Bio

I obtained my B.A.Sc. at the University of Ottawa, Ontario, Canada in 2008 with the highest GPA in Electrical Engineering (summa cum laude). I then moved to the University of Toronto to pursue my M.A.Sc under supervision of Prof. Teng Joon Lim. My master’s research was in the area of communication theory, and my thesis was titled “Precoding and Resource Allocation for Multi-User Multi-Antenna Broadband Wireless Systems,” 2010.

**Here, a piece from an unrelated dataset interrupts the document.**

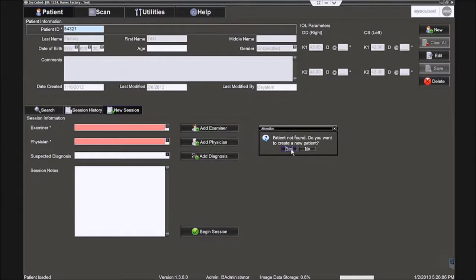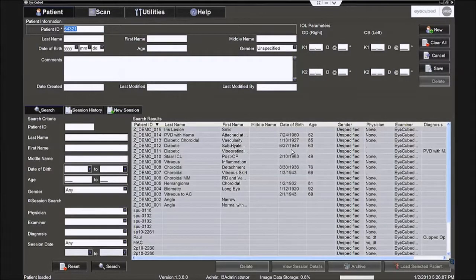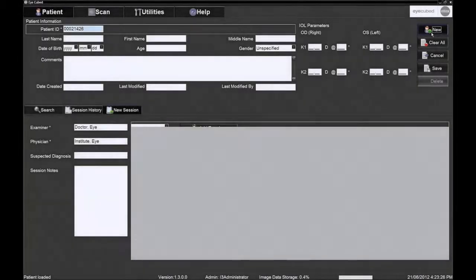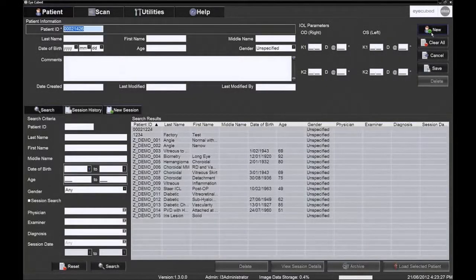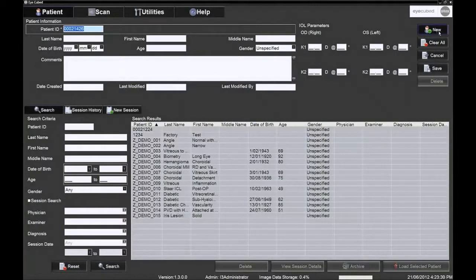Entering a new patient ID prompts the user to answer yes to creating a new patient. As an alternative, the system can automatically generate a new patient ID. See option in the general tab under utilities.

Fascinated by control and decision theory, I moved in 2010 to the Coordinated Science LaboratoryUniversity of Illinois at Urbana-Champaign, to pursue my PhD under the supervision of Prof. Tamer Başar. Broadly, my current research interests span the areas of game theory, optimal control theory, dynamical systems, and nonlinear control. In particular, my PhD thesis focuses on the design of optimal, robust, and stabilizing mechanisms for multi-agent systems under practical constraints. My work finds applications in communication networks and epidemics.

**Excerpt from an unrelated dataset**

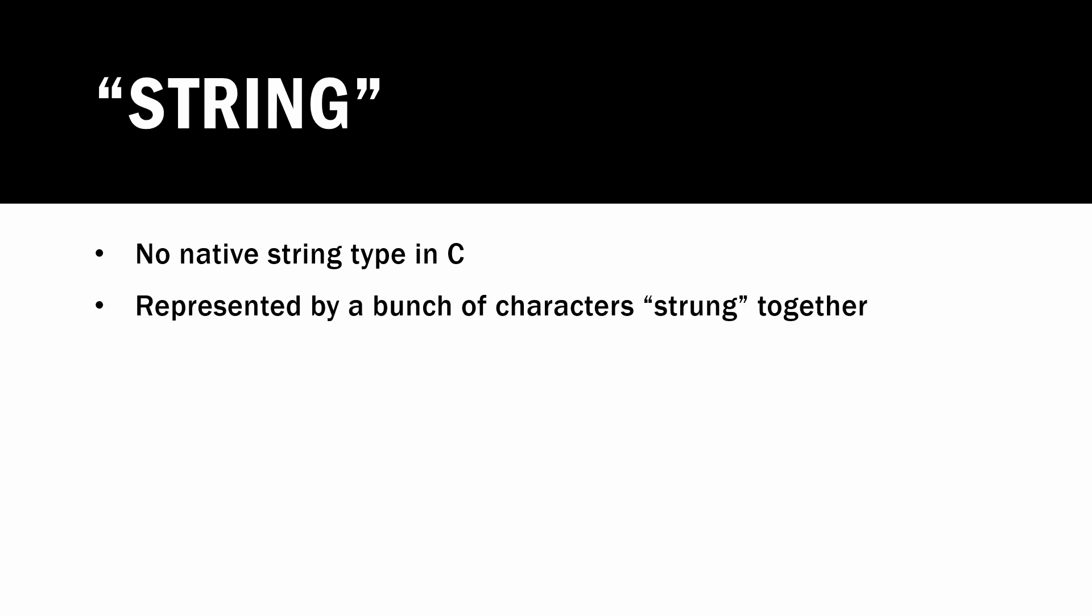Last but not least is the string type. So if you've done programming before, you might know in some languages like C sharp or Java, there is a string type. Well, C does not have a native string type. There is no such thing as a string in C. In C, strings are represented by a bunch of characters that are strung together.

In Summer 2012, I was an intern at Bell Laboratories, Holmdel, NJ, in the Network Protocols & Systems Research Group. My mentors were T. V. Lakshman and Murali Kodialam. Using game theory, we extended the Ski-Rental problem and derived new online randomized algorithms for cost optimization that combines the benefit of classical deterministic and randomized approaches. Our results can be applied to cost optimization in the cloud.